Assignment:
Transcribe only the lines in the data below falling between the line with "19.04.2026 - Hammer" and the line with "Photo 1 of Single", including those two lines, and leave out any picture.
○ ○ ○ ○ ○
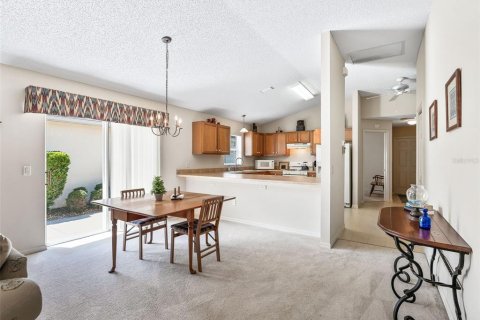House in The Villages, Florida 3 bedrooms, 127.46 sq.m. № 2349965 - photo 13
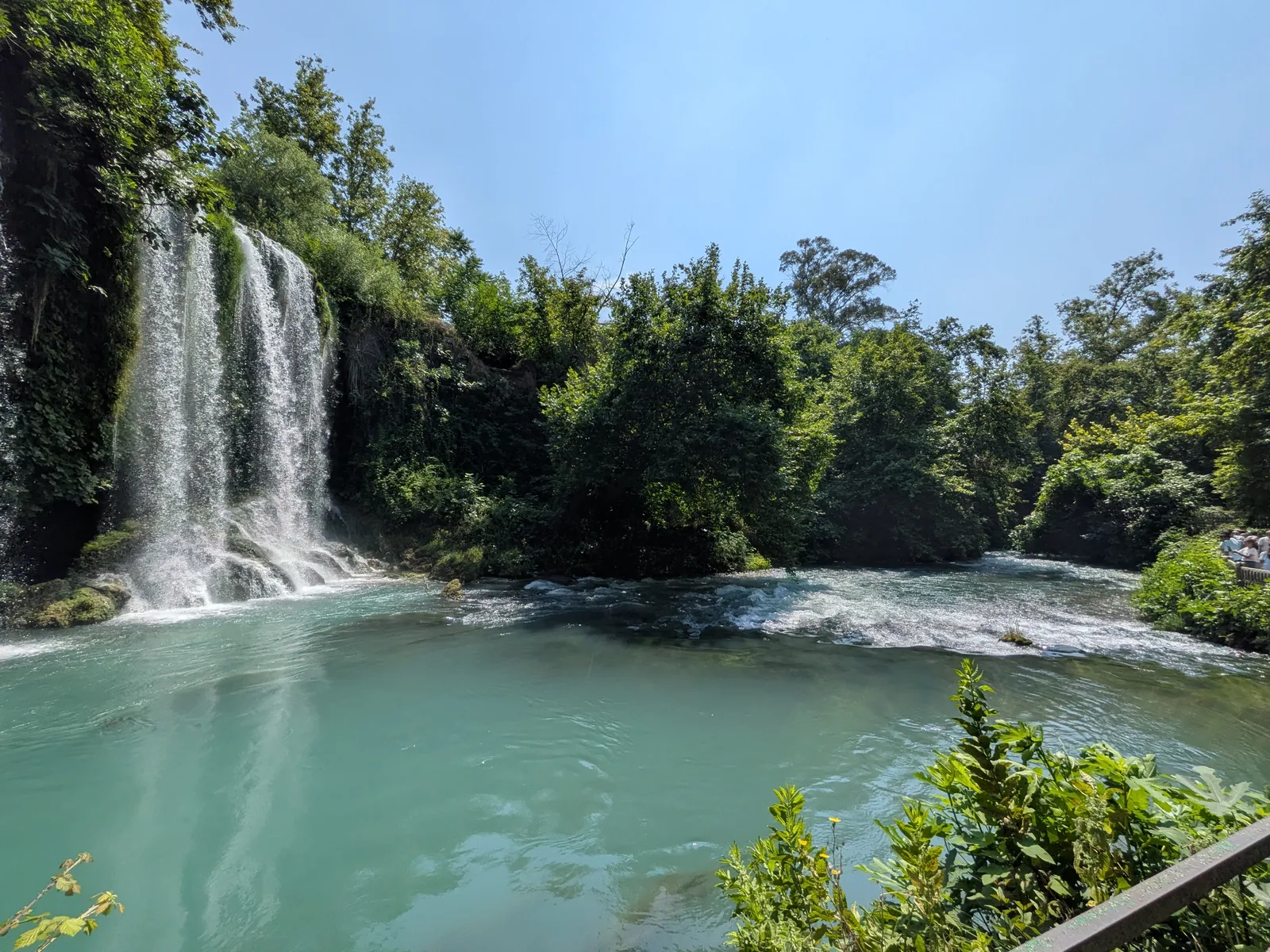滝の全景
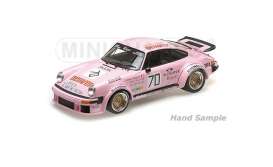 Porsche - 934 1981 pink - 1:18 - Minichamps - mc155816470 | Tom's Modelauto's Porsche - 934 1981 pink - 1:18 - Minichamps - mc155816470 | Tom's Modelauto's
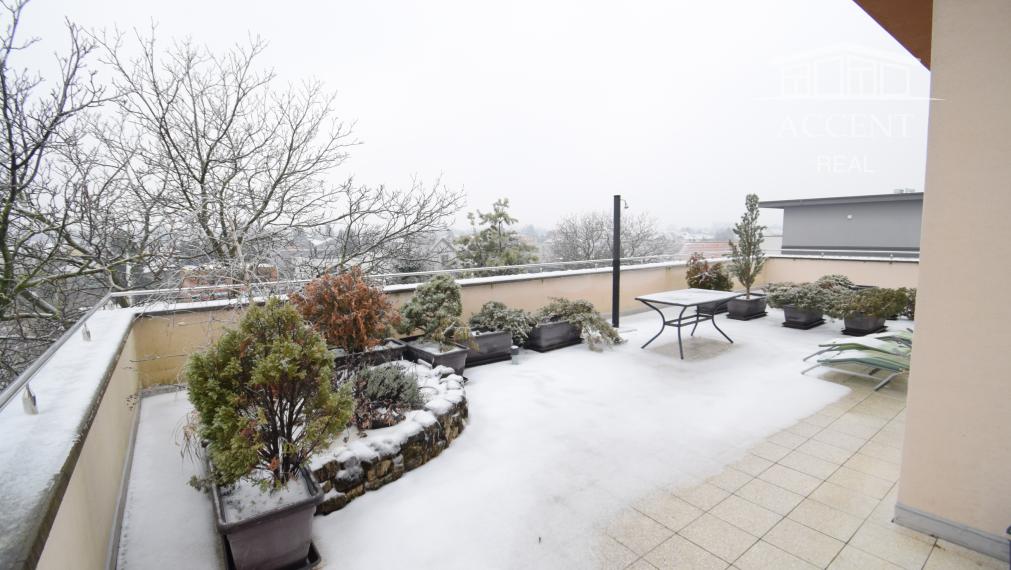 BYT V UZAVRETOM AREÁLI S KRÁSNOU VEĽKOU TERASOU A PARKOVACÍM MIESTOM (151,38m2)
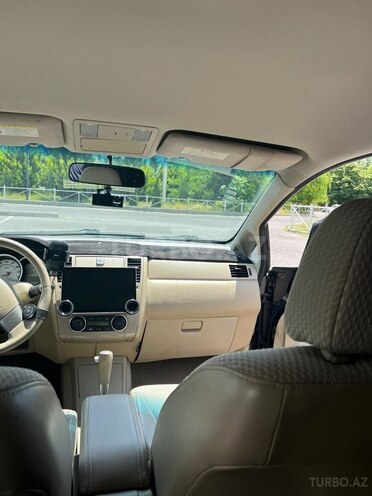 Nissan Tiida-6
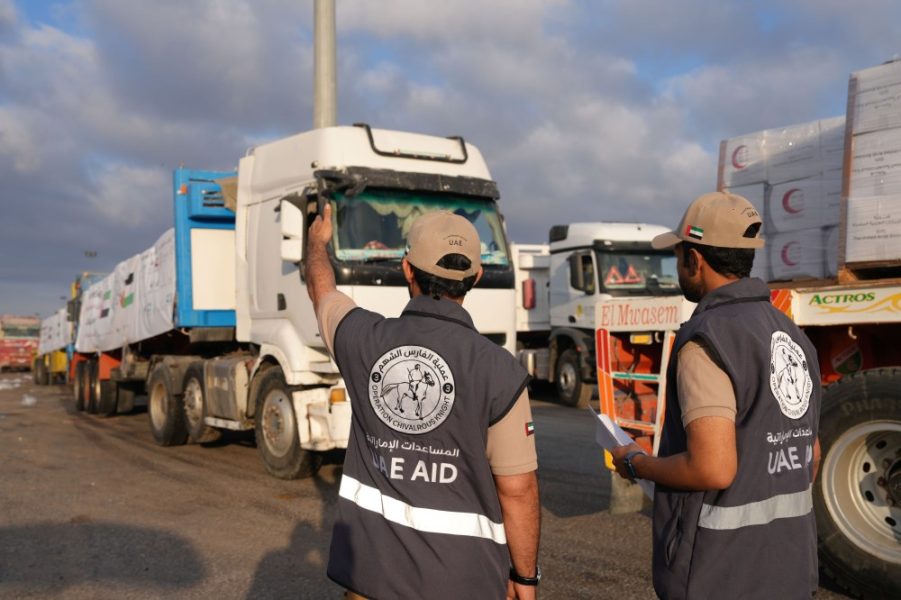 ضمن عملية “الفارس الشهم 3”.. دخول 5 قوافل مساعدات إماراتية إلى قطاع غزة تحمل 817 طنا من الطرود الغذائية ومواد الإيواء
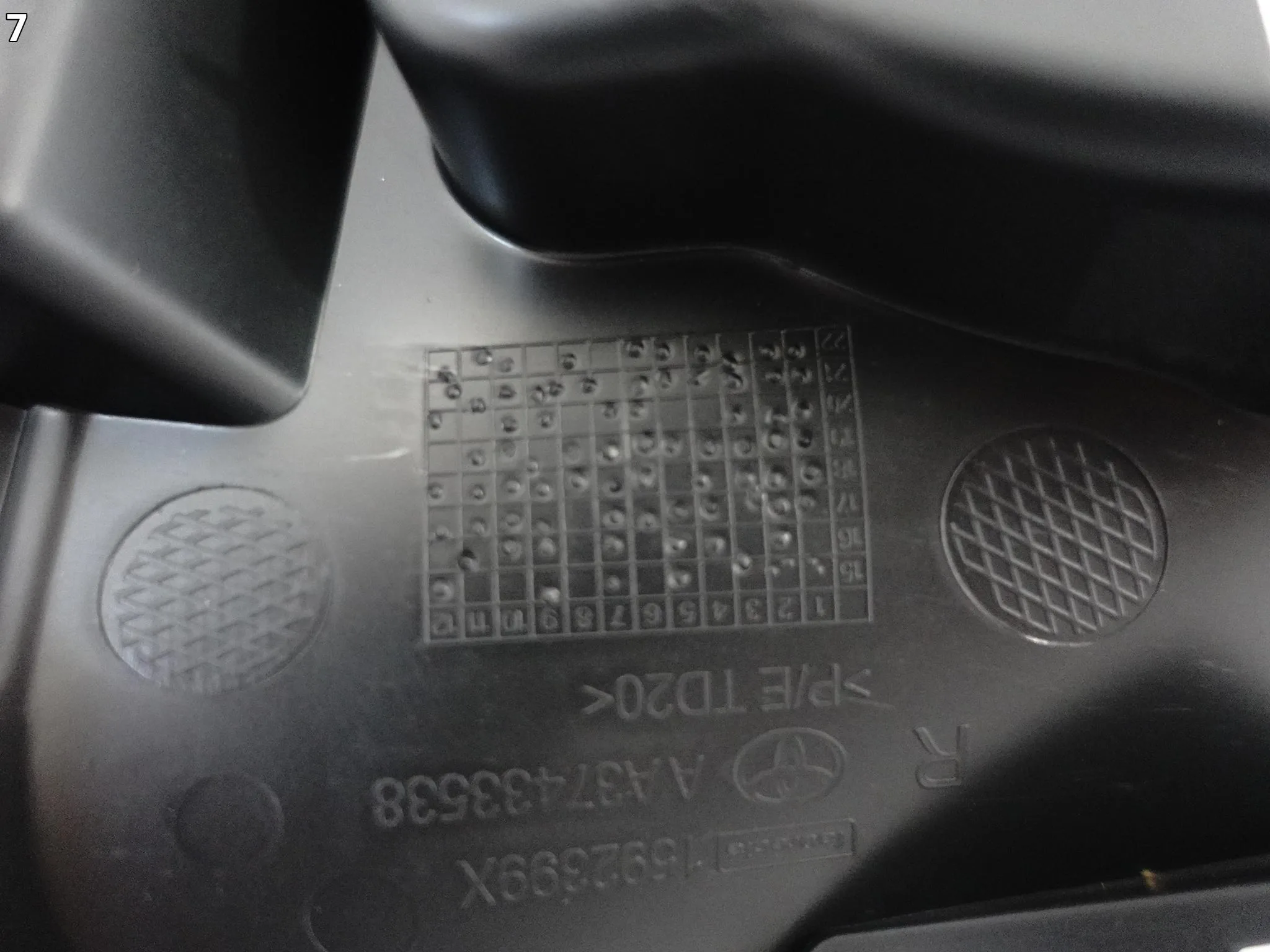 TOYOTA PROACE II 16-23 ŚLIZG MOCOWANIE UCHWYT HALOGENU ZDERZAK PRZÓD PRAWY TOYOTA PROACE II 16-23 ŚLIZG MOCOWANIE UCHWYT HALOGENU ZDERZAK PRZÓD PRAWY - obrazek 8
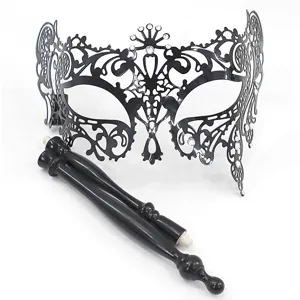 Zwarte metalen venetiaans masker met sprankelende strass-steentjes en afneembare stang.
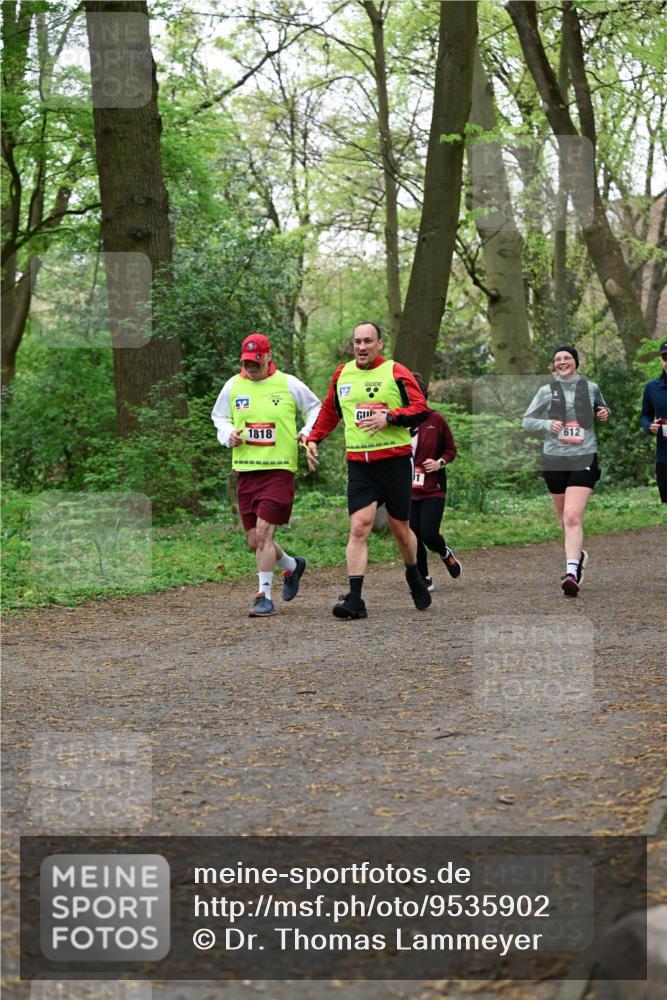 19.04.2026 - Hammer Lauf Dr. Thomas Lammeyer http://msf.ph/oto/9535902 19.04.2026 10:20:34 Laufen 1818, 612 meine-sportfotos.de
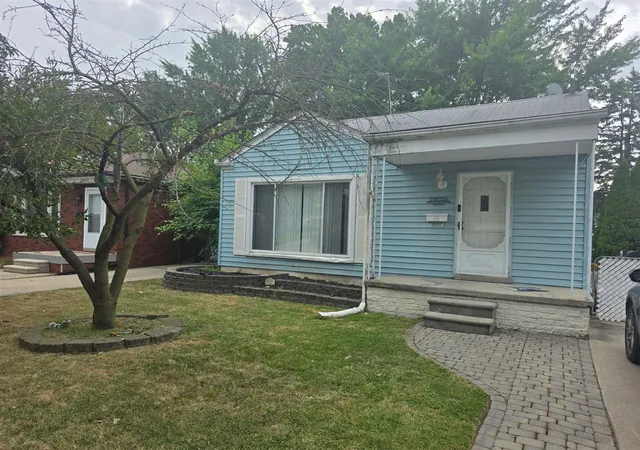 Photo 1 of Single family home for sale at 24725 Saxony Ave, Eastpointe, MI 48021 | MLS# 70553833 | Listing updated on 2026-08-22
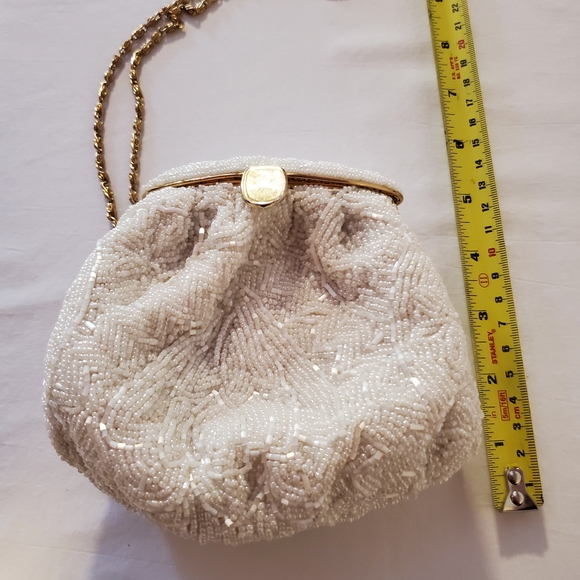 Antique 1920s White Beaded Evening Purse | Gold Chain Frame - Picture 13 of 16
○ ○ ○ ○ ○
Answer area:
 19.04.2026 - Hammer Lauf Dr. Thomas Lammeyer http://msf.ph/oto/9535902 19.04.2026 10:20:34 Laufen 1818, 612 meine-sportfotos.de
 Photo 1 of Single family home for sale at 24725 Saxony Ave, Eastpointe, MI 48021 | MLS# 70553833 | Listing updated on 2026-08-22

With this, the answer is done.